The rand has seen a 25% recovery against the British pound since January, after Britain voted to leave the European Union on June 24.
“The rand has certainly been doing well,” said RMB analyst John Cairns on Monday. “The fall in (the pound to rand exchange rate) has been the most impressive, with moves below 19 last week implying a 25% recovery from the worst levels seen in January.”
The rand’s depreciation in January followed growth fears in China, lower global demand in commodities and waning risk appetite for South Africa following the leadership crisis in National Treasury in December 2015.
While the rand’s recovery against the pound was positive, it became increasingly volatile after the UK decision to exit the EU, also known as Brexit. On June 24, when the vote’s results were released, the rand plunged more than the day President Jacob Zuma fired former finance minister Nhlanhla Nene, also known as Nenegate.
Cairns said the euro/rand exchange rate is the next pair that needs to break lower. “The April low of 16 is in sight, (and) a break here would take the rand to the best levels since Nenegate.

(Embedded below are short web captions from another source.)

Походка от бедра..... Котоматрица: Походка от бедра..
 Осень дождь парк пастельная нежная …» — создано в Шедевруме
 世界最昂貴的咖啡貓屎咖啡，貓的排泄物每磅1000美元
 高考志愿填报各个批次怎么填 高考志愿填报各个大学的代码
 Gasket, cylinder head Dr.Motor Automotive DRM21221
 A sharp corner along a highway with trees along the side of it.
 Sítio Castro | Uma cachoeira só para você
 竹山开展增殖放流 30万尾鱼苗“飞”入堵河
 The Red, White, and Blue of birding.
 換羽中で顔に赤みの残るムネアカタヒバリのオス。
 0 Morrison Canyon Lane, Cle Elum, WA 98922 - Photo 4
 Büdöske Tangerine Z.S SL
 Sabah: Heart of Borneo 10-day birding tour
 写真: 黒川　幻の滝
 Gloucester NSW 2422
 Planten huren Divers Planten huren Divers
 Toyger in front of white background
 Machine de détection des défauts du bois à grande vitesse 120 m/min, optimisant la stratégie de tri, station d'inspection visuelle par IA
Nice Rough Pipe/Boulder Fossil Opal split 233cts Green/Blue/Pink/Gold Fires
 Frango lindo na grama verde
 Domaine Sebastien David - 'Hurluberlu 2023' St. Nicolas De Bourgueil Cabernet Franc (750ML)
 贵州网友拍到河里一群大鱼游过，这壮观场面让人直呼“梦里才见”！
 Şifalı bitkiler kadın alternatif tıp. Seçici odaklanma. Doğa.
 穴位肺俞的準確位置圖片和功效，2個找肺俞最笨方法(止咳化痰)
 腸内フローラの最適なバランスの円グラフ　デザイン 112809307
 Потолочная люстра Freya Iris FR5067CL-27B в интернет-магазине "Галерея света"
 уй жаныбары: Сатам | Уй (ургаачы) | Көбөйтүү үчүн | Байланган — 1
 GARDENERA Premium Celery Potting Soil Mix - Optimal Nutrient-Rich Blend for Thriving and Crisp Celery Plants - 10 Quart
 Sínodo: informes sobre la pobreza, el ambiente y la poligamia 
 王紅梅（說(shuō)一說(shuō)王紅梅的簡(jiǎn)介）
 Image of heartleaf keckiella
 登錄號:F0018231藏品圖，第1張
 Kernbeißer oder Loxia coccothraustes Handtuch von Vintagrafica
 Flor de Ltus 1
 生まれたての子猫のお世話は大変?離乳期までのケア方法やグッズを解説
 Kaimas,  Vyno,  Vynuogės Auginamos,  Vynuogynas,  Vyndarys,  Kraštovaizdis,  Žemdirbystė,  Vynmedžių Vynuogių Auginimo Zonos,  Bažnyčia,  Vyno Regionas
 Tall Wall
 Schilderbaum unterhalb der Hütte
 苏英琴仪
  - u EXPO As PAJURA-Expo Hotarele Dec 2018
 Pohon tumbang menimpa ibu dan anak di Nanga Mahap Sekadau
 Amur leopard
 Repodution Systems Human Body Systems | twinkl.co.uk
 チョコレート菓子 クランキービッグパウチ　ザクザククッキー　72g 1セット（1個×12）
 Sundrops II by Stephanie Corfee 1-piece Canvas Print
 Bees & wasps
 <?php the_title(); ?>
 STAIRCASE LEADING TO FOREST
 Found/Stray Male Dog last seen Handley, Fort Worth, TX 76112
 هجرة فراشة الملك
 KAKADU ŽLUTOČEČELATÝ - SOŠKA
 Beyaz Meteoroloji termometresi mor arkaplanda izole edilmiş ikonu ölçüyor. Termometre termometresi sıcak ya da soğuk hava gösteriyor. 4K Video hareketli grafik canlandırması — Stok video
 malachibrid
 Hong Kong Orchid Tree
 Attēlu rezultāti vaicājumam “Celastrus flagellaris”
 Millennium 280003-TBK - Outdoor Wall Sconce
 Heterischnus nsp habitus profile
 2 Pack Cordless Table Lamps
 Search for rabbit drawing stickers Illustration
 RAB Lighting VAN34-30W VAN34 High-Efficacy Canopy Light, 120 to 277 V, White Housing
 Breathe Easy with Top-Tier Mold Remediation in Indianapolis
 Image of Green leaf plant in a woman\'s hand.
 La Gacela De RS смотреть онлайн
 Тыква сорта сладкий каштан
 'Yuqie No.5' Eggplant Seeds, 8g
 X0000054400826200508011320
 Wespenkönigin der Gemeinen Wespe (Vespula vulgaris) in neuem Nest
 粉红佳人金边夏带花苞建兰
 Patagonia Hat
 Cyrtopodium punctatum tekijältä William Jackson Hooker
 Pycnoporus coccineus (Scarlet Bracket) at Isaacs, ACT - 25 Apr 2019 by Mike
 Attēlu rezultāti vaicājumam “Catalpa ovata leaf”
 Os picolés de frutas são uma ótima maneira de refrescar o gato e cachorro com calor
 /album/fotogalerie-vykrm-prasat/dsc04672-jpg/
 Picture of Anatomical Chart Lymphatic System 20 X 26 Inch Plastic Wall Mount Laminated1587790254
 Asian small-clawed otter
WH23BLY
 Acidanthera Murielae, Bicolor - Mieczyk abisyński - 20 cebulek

“The biggest question is whether USD/ZAR can break its 14.10 to 16.00 range,” he said. “This is ambitious at this stage. The market has traded 14.46 to 14.97 over the past two weeks and while the bias is lower, it is not particularly strong.”
On Monday at 8:20, the rand was trading 0.45% stronger against the euro at R16.11, 1% stronger against the pound at R18.9 and 1.38% stronger against the dollar at R14.59.
Brexit fears decline
Brexit fears have dropped away sharply, Cairns said on Monday.
“The fear-gauge index of expected volatility has fallen all the way to 13, the lowest in a month,” he said. “Even (the) sterling has stabilised.
“There will still be real economic costs from the vote,” he said. “The extent will only be clear with time, but there is no major concern yet.”
Cairns said attention will now focus on how policymakers will respond to the Brexit vote. “The BoE (Bank of England) is the focus this week, the ECB (European Central Bank) next and the (US) Fed at the end of the month,” he said.
Meanwhile, NKC Research said on Monday that it shared Moody’s analysis that while South Africa will be the most affected in sub-Saharan Africa by Brexit, it is not likely to have an impact on its sovereign debt rating.
“Of key risk is private sector capital flows to South Africa, on which country relies in order to finance large current account deficit,” it said. “Foreign direct investment and tourists to South Africa from United Kingdom are likely to fall as a result of the Brexit vote.
“(The) ratings agency’s views align with our own analysis, in that the primary factor stemming from Brexit that will touch South African over the short to medium term is increased risk aversion and volatility in global financial markets.
“However, South Africa has plenty of obstacles on the home front, including very weak economic growth in an environment of rising inflation and interest rates.”